However “Mississippi State University – Department of Electrical and Computer Engineering” suggests a reasonable method to do this by using Assembly Language [1]. They use two loops in this program. First loop is an empty loop which just loop for certain number of times. While looping it uses “RDTSC” X86 operation (primaty opcode = 0x31) to Read Time-Stamp Counter. Time-Stamp Counter is a special register which is incremented for each clock cycle until it is reset. Approximate clock cycles taken to execute empty loop is calculated by reading Time-Stamp Counter at the beginning and end of loop. Second loop is as same as first loop, but the body of loop consists of an arithmetic operation of choice. Clock cycles taken for executing this loop is again calculated. Difference between clock cycles taken for first loop and second loop is considered as the approximate number of clock cycles taken to execute arithmetic calculation. Code of these two loops can be checked using the linked reference material.
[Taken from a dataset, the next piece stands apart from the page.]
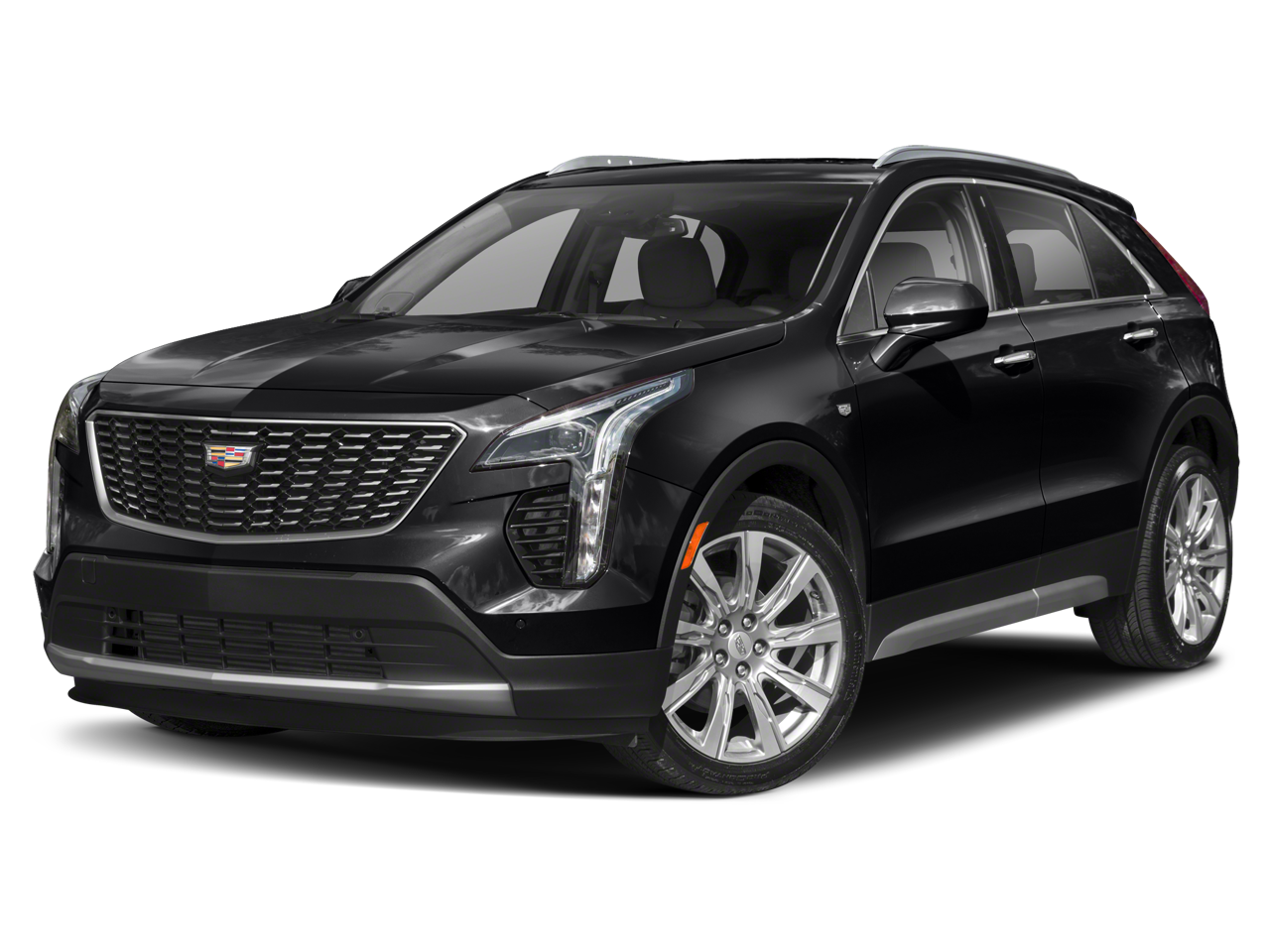 2021 Cadillac XT4 AWD Premium Luxury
As you may have already guessing, this is not going to give a 100% accurate result. Even this simple assembly program might get scheduled for number of times in its few milliseconds of execution. Operating system and other processes will gain processor focus, sending this process to waiting queue. However, this process is strong enough to see how cost of operations change.

Microsoft Macro Assembler (MASM) 6.1.1 is used to test this application using flowing sequence of commands. (MASM inittim.asm / ml intim.obj Irvine.lib). (Irvine.lib is a library written by Kip R.Iverine and used in displaying values on standard output)
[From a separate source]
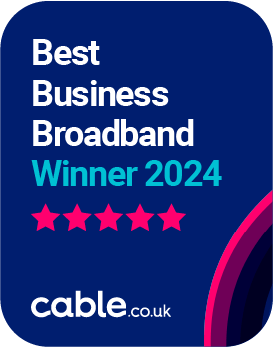 Best Business Broadband 2024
Execution results for integer addition:



As you can see it gives outputs like F, 3C and 2D which means execution takes number of clock cycles like 15, 60, and 45 leading to an average of 28.7 clock cycles. (FFFFFFFFFFFFFFFF1/3 is printed because first loop took longer than second loop to continue. This is possible in addition because it is actually a operation that require 1 clock cycle to complete)
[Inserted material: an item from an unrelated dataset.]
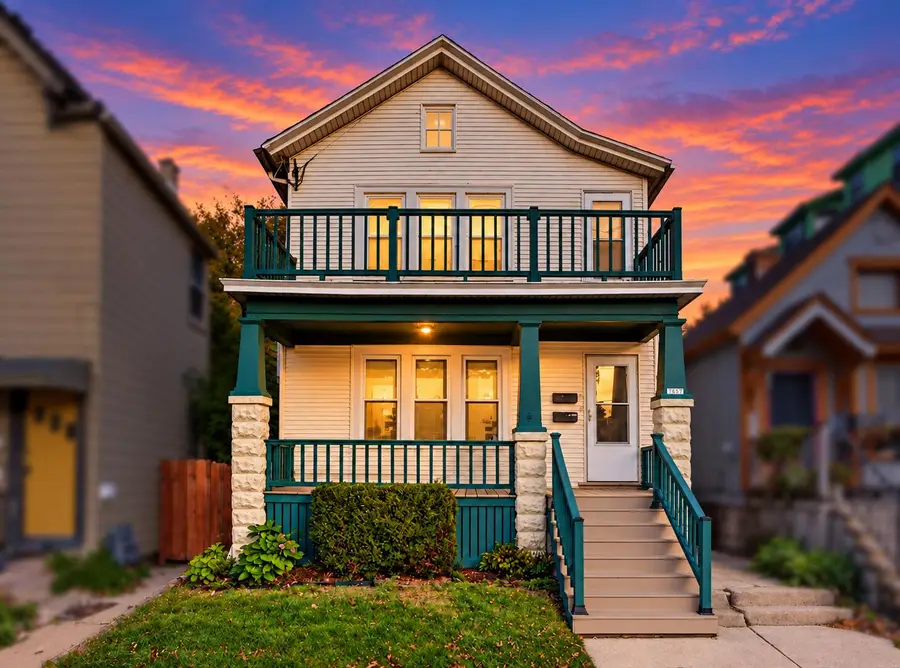 1732 N Humboldt Ave, Milwaukee, WI 53202 - #2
Execution results for integer multiplication:


Outputs were E1, 87, B4, A5, C3 and 4B which means execution takes number of clock cycles like 225, 135, 180, 165, 195, and 75 leading to an average of 64 clock cycles.

Execution results for integer division:



Outputs were 2A3, 285, 249 and 258 which means execution takes number of clock cycles like 675, 645, 585 and 600 resulting in an average of 655 clock cycles.

Execution results for floating-point addition:


Floating point operations were not supported in the original implementation. After proving required implementation code for floating point addition in X86 instructions, result was as shown as below:


Outputs were 7224, 7233, and 727E which means execution takes number of clock cycles like 29220, 29235 and 29310 resulting in an average of 29233 clock cycles.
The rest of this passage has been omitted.